Task goal: Give a verbatim copy of the lines below, minus the pictures.

Given material:
━━━━━━━━━━━━━━━━━━━━━━━━━━━━━━

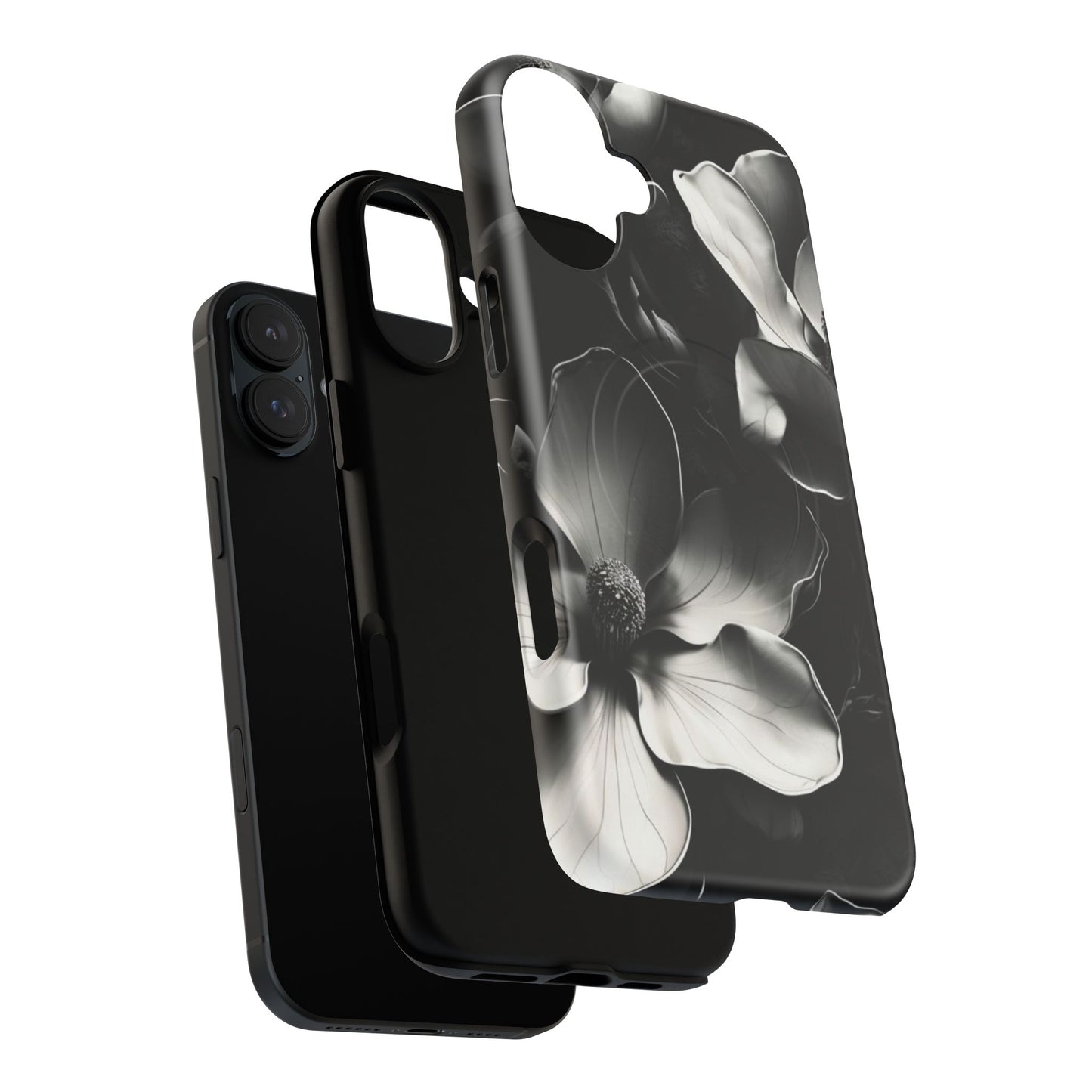 Monochrome Magnolia - Elegant Black & White Floral iPhone MagSafe Phone Case - Artistic Magnolia Design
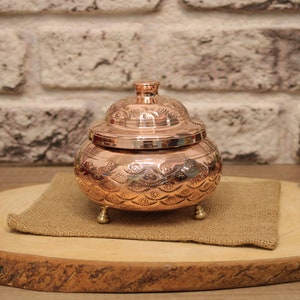Handmade Copper Sugar Bowl: Turkish Delight Candy Bowl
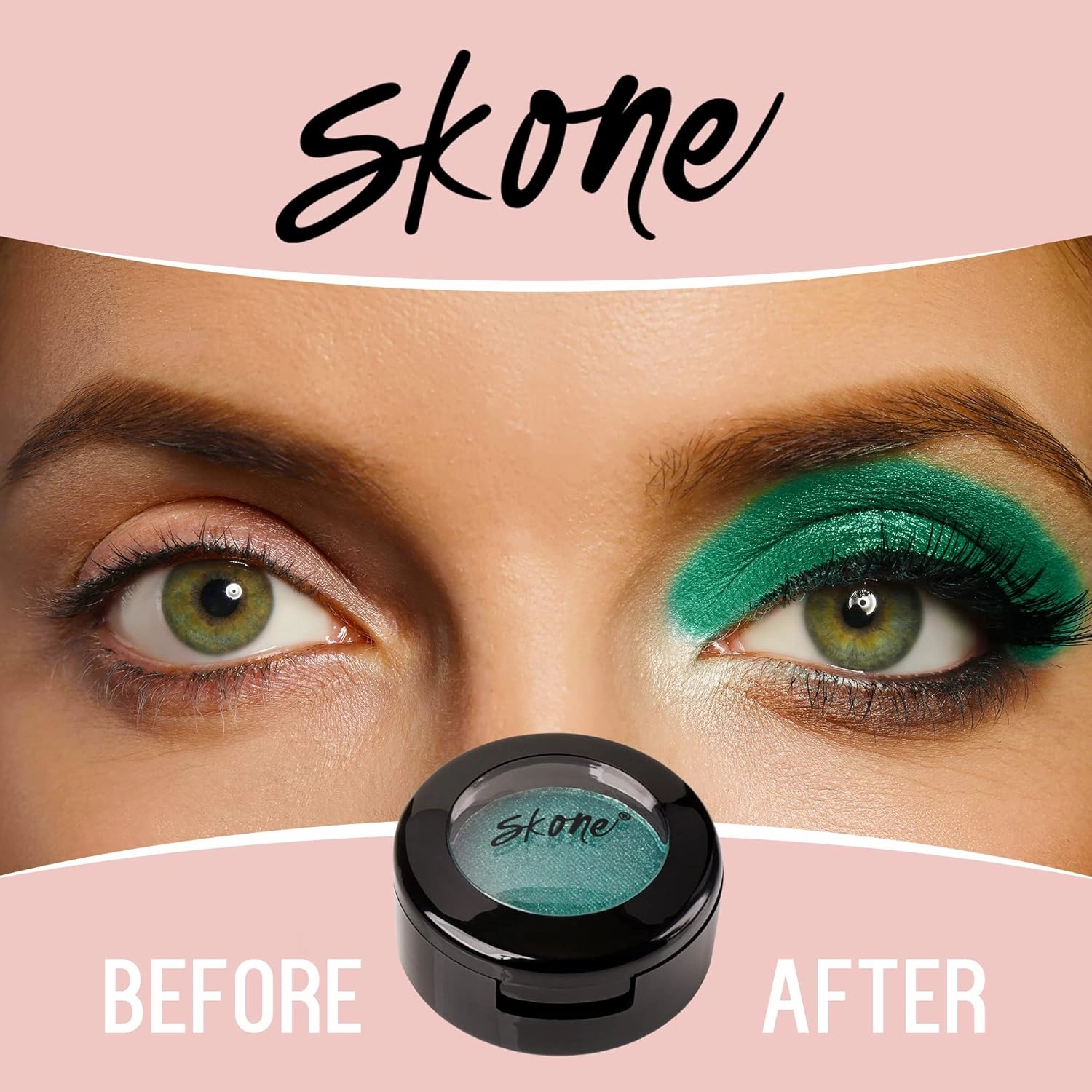 Skone Cosmetics Gems Eye Shadow, Highly Pigmented, Longwear Eye Makeup, Single Eyeshadow with Pro Shimmery Finish - Ultra-Blendable, Slightly Shimmer Shades - Green Eyeshadow - Romance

━━━━━━━━━━━━━━━━━━━━━━━━━━━━━━

Written solution:
 Monochrome Magnolia - Elegant Black & White Floral iPhone MagSafe Phone Case - Artistic Magnolia Design
Handmade Copper Sugar Bowl: Turkish Delight Candy Bowl
 Skone Cosmetics Gems Eye Shadow, Highly Pigmented, Longwear Eye Makeup, Single Eyeshadow with Pro Shimmery Finish - Ultra-Blendable, Slightly Shimmer Shades - Green Eyeshadow - Romance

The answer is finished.